-- INFORMATION PROVIDED --

^^^^^^^^

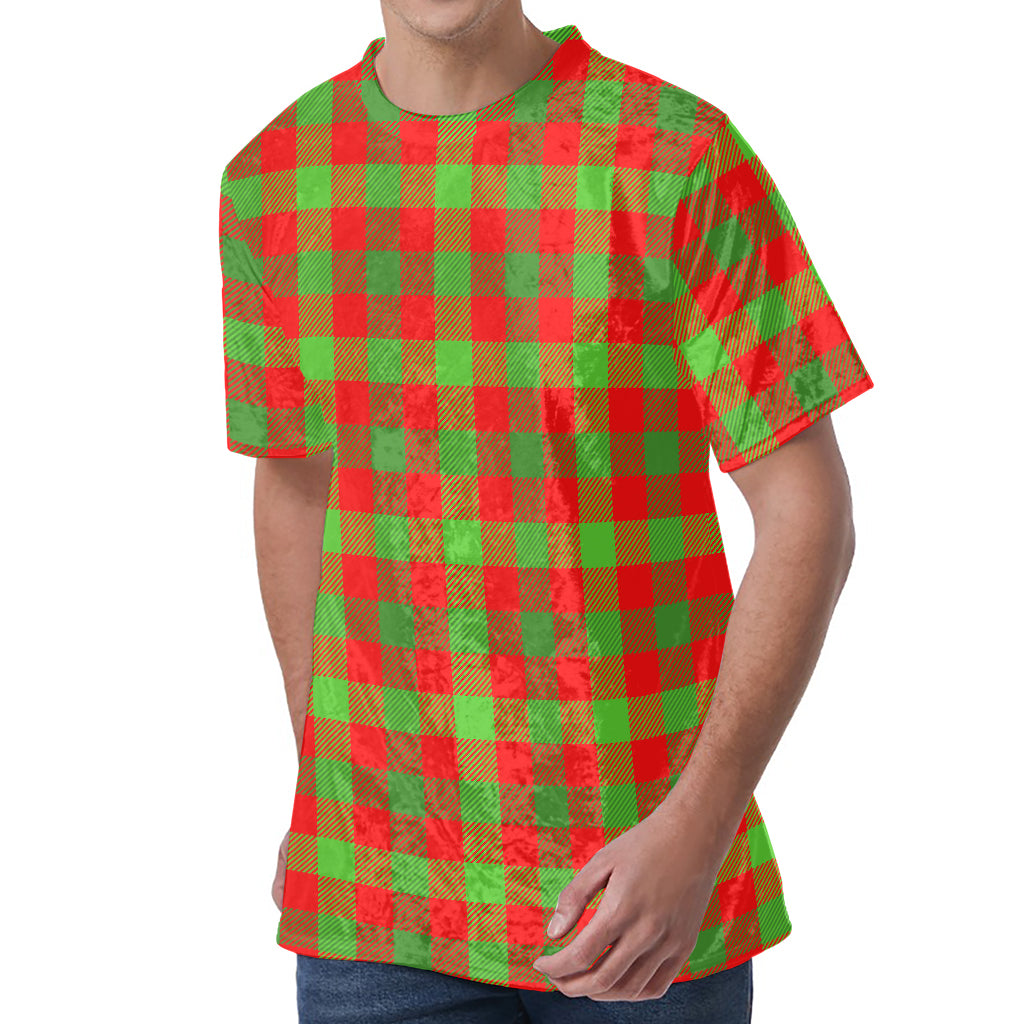 Christmas Buffalo Plaid Print Men's Velvet T-Shirt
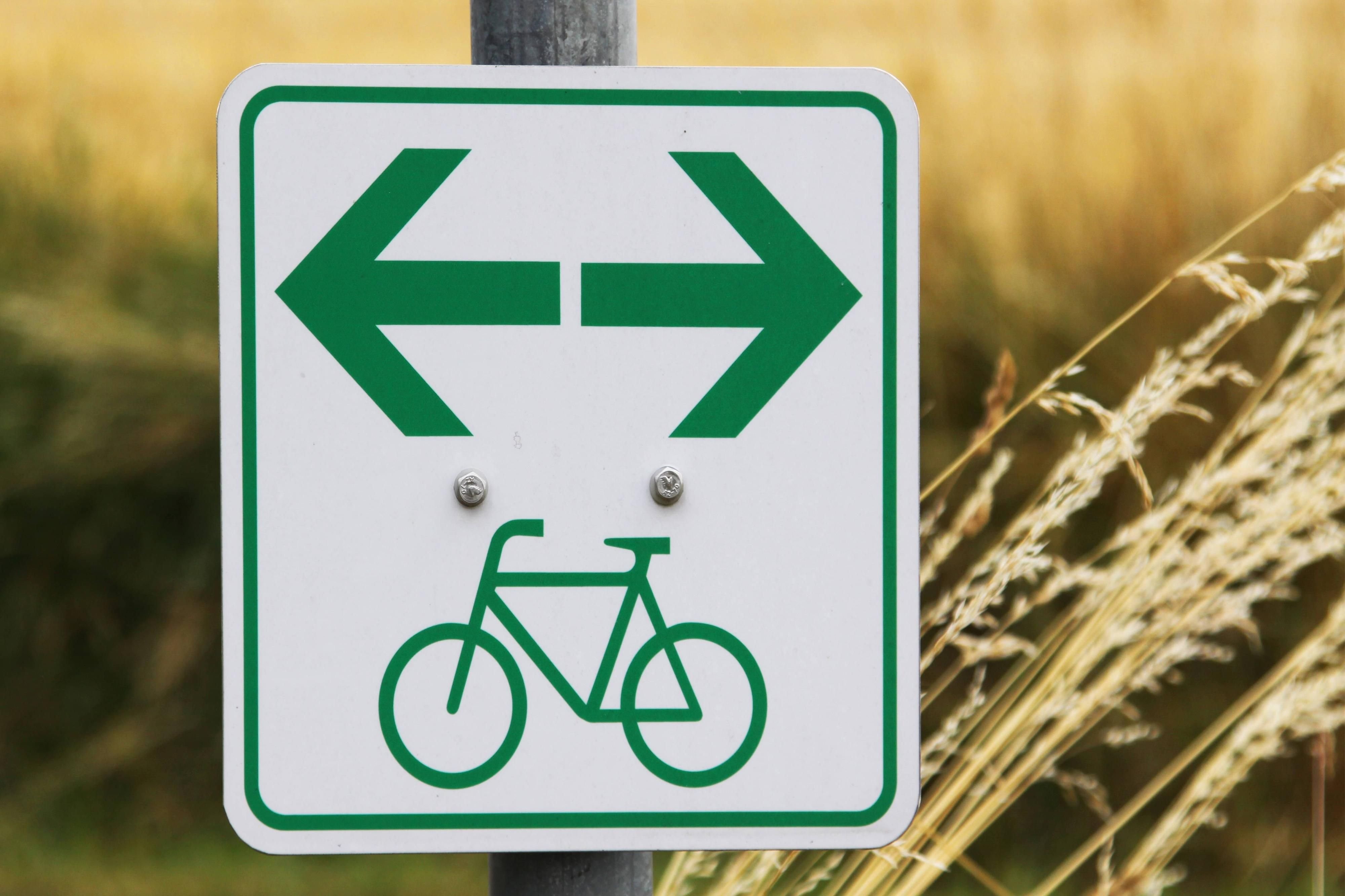 Das Zeichen für einen Radweg.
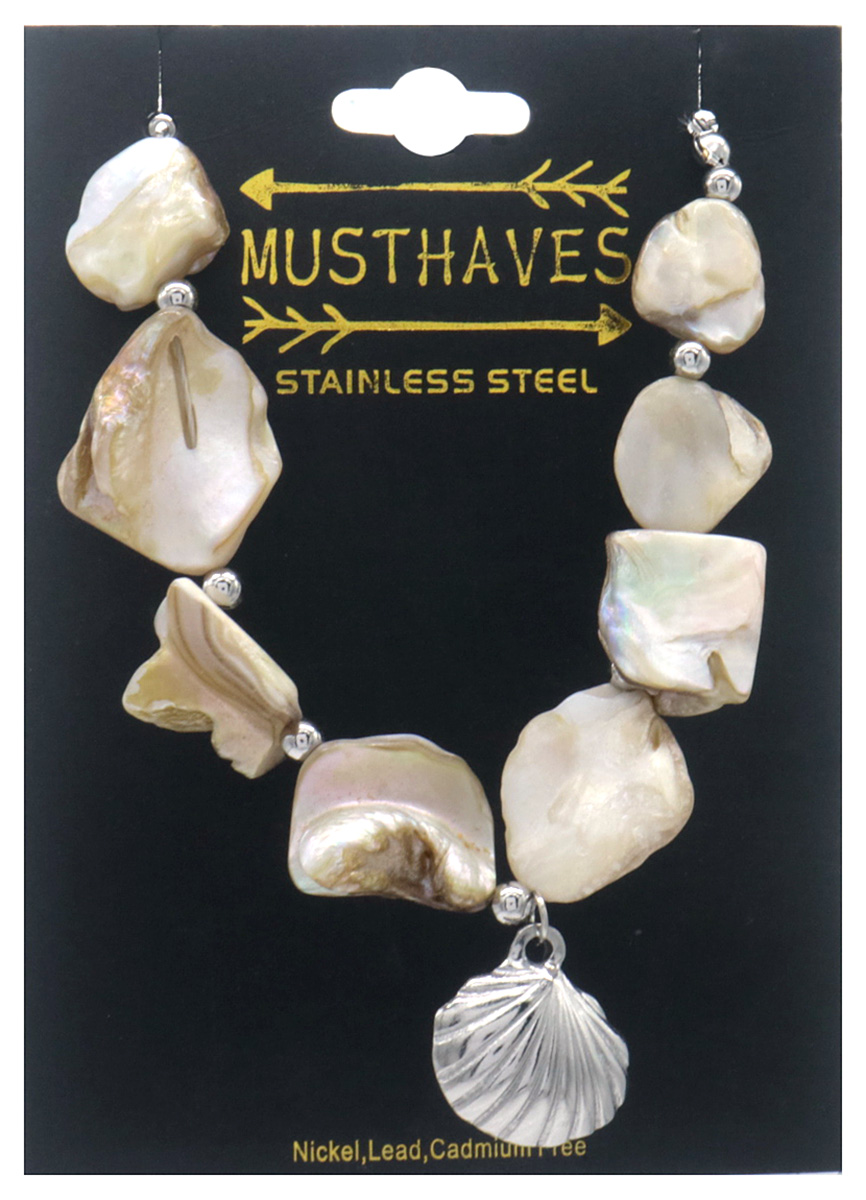 F-D8.1 B074-084S S. Steel Statement Bracelet Shells 16-21cm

^^^^^^^^

-- INSTRUCTIONS TO FOLLOW --
Only the lines from the one containing "Das Zeichen für einen Radweg." through the final line of the material should appear in the answer, copied exactly and without any picture.

-- RESPONSE AREA --
 Das Zeichen für einen Radweg.
 F-D8.1 B074-084S S. Steel Statement Bracelet Shells 16-21cm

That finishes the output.